The Tech Entrepreneur’s Journey – Venture Capital
Following on from the first article of the series, The Tech Entrepreneur’s Journey – The Capital Requirements, this article will consider key aspects that a tech entrepreneur should be conscious of prior to taking on Venture Capital.
What is Venture Capital?
Venture capital (VC) is a form of investment for early-stage, innovative businesses with strong growth potential. Whilst not always the case, VC houses typically invest in technology companies with an exciting concept or piece of technology. The optimum investment outcome being that the investment company is revolutionary or becomes what is known as a “disruptor” leading to a greater return on the house’s investment.
To be a “disruptor” is to create a product, service, or way of doing things that initially displaces and then eventually replaces the existing market leaders. Disruptors are generally entrepreneurs rather than industry insiders or market specialists.
VC investments are traditionally made in return for a minority shareholding in a company, due to the perceived higher risk associated with investing into early-stage businesses. Unlike a private equity investment, VC houses are willing to invest in businesses not yet making a profit and typically hold their investments for a period of between five and seven years before seeking an exit.
Subject to the risk profile of the (investee) company that is seeking VC and its target investment amount, it is not uncommon for multiple VC houses to invest alongside each other with each VC house taking its own minority stake.

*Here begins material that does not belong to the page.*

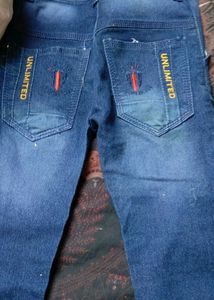 Vintage  Denim Jeans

As we noted in our first article in this series, although the Founder(s) should expect to provide VC houses with a number of investment protections they should still expect to retain ultimate control of the company (including the board) and, subject to investor veto rights, the day to day operations of the business. However, ‘Series A Investment’ documents (those being used for the first VC investment made into a company) will normally impose more stringent restrictions on the management of the company and the business when compared to previous capital raises from family and friends and seed investment.
Any VC investment will be structured in a manner that is as tax efficient as possible for the VC house. As the tech entrepreneur/Founder you should obtain your own tax advice to make sure that taking on the VC investment in the proposed structure is in the best interests of both the company and you as a principal shareholder of the company.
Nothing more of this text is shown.